Los científicos se levantan poco a poco y se dirigen hacia el rincón donde estaba sentada antes la tía Harriet. Han levantado las manos o se las han puesto detrás de la cabeza, y no tienen ojos más que para los fusiles.

—No tenemos mucho tiempo, Pia —me advierte el tío Antonio—. Los otros llegarán enseguida.

La última correa está solo a medio cortar, pero Eio la parte y se pone en pie de un salto. Los dos corremos hacia el tío Antonio y nos colocamos tras él. Antonio empieza a retroceder hacia la puerta.

—¡Pia! —grita Paolo—. Regresa, Pia. Por favor. Podemos solucionar esto, todavía hay una oportunidad. Todavía puedes ser una científica, hacer realidad tu sueño…

—Nunca fue mi sueño —respondo—: Fue el tuyo. Simplemente me convenciste de que era el mío. Pues bien, ahora tengo un nuevo sueño y, te aseguro —digo mirándolo a los ojos— que tú no apareces en él.

—Paolo —dice el tío Antonio—, ven con nosotros. ¡Ahora!
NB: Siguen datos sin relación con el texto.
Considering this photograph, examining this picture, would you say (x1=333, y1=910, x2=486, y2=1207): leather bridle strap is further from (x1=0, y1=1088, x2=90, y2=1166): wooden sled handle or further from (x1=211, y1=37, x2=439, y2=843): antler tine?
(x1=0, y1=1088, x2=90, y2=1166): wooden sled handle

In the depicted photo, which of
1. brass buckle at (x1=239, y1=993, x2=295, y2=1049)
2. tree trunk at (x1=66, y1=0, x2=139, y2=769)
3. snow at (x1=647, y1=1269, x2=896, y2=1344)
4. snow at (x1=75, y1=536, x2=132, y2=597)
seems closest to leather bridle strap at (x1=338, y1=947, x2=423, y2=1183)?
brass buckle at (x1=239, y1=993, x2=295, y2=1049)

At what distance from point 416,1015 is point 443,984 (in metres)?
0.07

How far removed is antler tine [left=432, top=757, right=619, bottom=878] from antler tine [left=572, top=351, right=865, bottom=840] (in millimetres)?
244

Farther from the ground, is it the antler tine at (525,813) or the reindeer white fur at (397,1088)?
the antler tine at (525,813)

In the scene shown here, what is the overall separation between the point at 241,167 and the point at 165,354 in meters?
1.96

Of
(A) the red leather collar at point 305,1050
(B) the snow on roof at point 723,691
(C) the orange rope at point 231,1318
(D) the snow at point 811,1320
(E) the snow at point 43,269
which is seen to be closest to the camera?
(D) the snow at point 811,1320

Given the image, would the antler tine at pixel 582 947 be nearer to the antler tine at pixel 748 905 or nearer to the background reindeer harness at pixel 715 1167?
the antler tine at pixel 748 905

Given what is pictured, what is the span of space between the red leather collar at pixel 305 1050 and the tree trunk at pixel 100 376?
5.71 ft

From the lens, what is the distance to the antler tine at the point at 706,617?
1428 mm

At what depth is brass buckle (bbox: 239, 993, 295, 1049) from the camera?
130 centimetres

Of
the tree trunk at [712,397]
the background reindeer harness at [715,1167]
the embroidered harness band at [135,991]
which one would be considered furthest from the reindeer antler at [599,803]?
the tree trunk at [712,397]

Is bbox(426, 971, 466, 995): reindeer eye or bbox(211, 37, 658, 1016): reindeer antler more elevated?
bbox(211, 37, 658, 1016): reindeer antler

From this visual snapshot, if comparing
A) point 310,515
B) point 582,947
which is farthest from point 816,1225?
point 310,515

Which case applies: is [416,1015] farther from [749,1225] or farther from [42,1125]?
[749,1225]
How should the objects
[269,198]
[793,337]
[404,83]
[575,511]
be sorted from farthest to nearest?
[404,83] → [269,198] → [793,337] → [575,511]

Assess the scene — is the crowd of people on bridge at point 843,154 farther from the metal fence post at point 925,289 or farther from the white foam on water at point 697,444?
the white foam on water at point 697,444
Él se levanta despacio, pero entonces, ante el bramido de impaciencia del tío Antonio, se nos acerca a buen paso. El tío Antonio le entrega a Eio uno de sus fusiles, coge a Paolo por el brazo y lo coloca delante de él a modo de escudo. Paolo está tan quieto como una estatua, pero sus ojos me siguen como dos rayos láser.

Dejamos a los demás acurrucados en el rincón, y echamos a correr como alma que lleva el diablo.